How do smaller companies operate? Maybe you think there is a representative for each player, but this only applies to big brands like Titleist, Cobra, Callaway, Cleveland, Srixon and Nike. These companies have the “big” trucks, while, for example, Ping, Bridgestone, True Temper, Adams, and Mizuno have vans that can move on their own or are pulled by light trucks. But don’t be fooled, because even if they seem small, they are equipped with the same tools to make or modify clubs, without the luxury of having a players’ room or a place to drink coffee after a round. This brings us to smaller companies like Solus Golf, which has only three vans, which are called “independent contractors,” which smaller companies pay for services based on their size and needs. Some companies like the wands only want limited technology services, but need the product to be transported and stored at each stop on the tour.

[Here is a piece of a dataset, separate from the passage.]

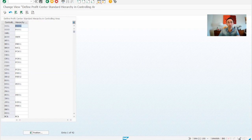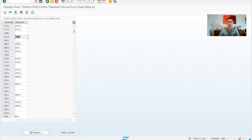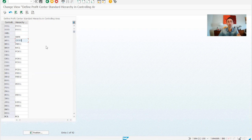Basically, the controlling area is there by default in the system. If you are copying this from another company code, as we are, the hierarchy will already be created for the controlling area. Otherwise, it will be empty like this, and you just need to define the naming convention that you want and save.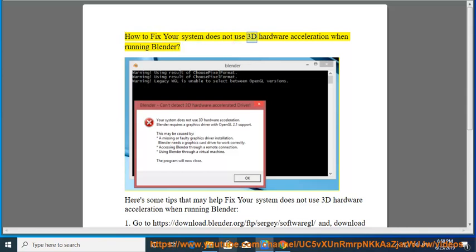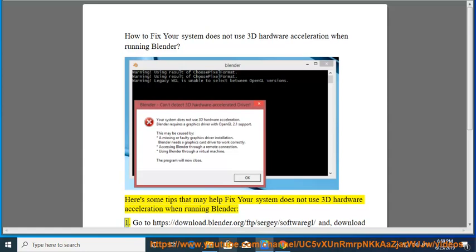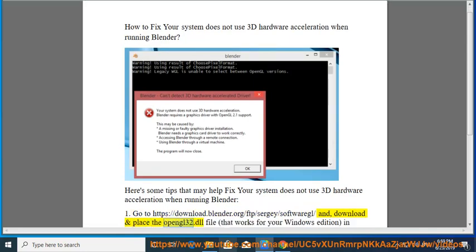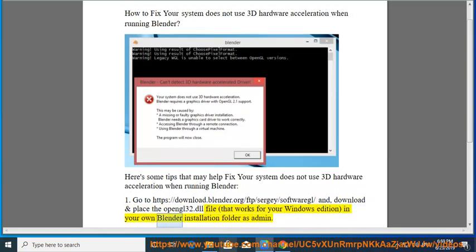How to fix your system does not use 3D Hardware Acceleration when running Blender. Here are some tips that may help. Go to https://download.blender.org/ftp/sergey/softwaregl and download and place the OpenGL32.dll file that works for your Windows edition in your own Blender installation folder as admin.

These companies allow small businesses to tailor their needs to their respective budgets, hovering between $ 3,000 and $ 40,000 per event.
Take for example a truck that has been on the road the longest and has one of the best contractors available, ProTour Services. They are hired to store, inventory and provide technology services between 30 and 35 events per season. In addition, there is the presence part of the brand. Each van needs a place to work and its mobile workshop offers exactly that, with logo displays on the exterior of the truck, an image that millions of people across the country see, in addition to giving players the identification of particular brands that can be looking at an event. This supplier also works with other smaller companies such as Wilson Staff, Aldila, UST, Graphite Design, Golf Pride, Winn, Maui Jim, Soft Spikes, Oban, Skycaddie, Rife and Fourteen.
As you can see, the market for trailers, vans, trucks and other applications is a vital aspect for the life of the tour.
* Miguel Angel Jiménez and Mark Lawrie in our LIVES. This week we had a “main course” with these two figures. If you missed them, wait for both shows on CDN Sports, the one for MAJ is going this week, and the one for Mark in just days. Remember to follow @fiebredegolf on IG, as well as our Golf Fever channel on YouTube. * PGA Tour launches University Major. I think it’s one of the big news for the week, and now the fourth-year first division students will have their own Tour-sponsored major. What a news! Details are on our website. * Slowly, the fields are opening. Punta Blanca has already officially announced it, Metro is still the oasis for everyone, Punta Espada launched its 10-round rate (which is deadly), I understand that Playa Dorada and Guavaberry also opened and Cayacoa also for members, although limited, and Puntacana and Casa de Campo supposedly open hotels and fields on July 1, etc. All right! * For Argentina in November. Already working the details of the trip. Then I give details. * Respect distancing. We cannot “let our guard down” in the face of the pandemic. Take care of yourself and maintain hygiene measures.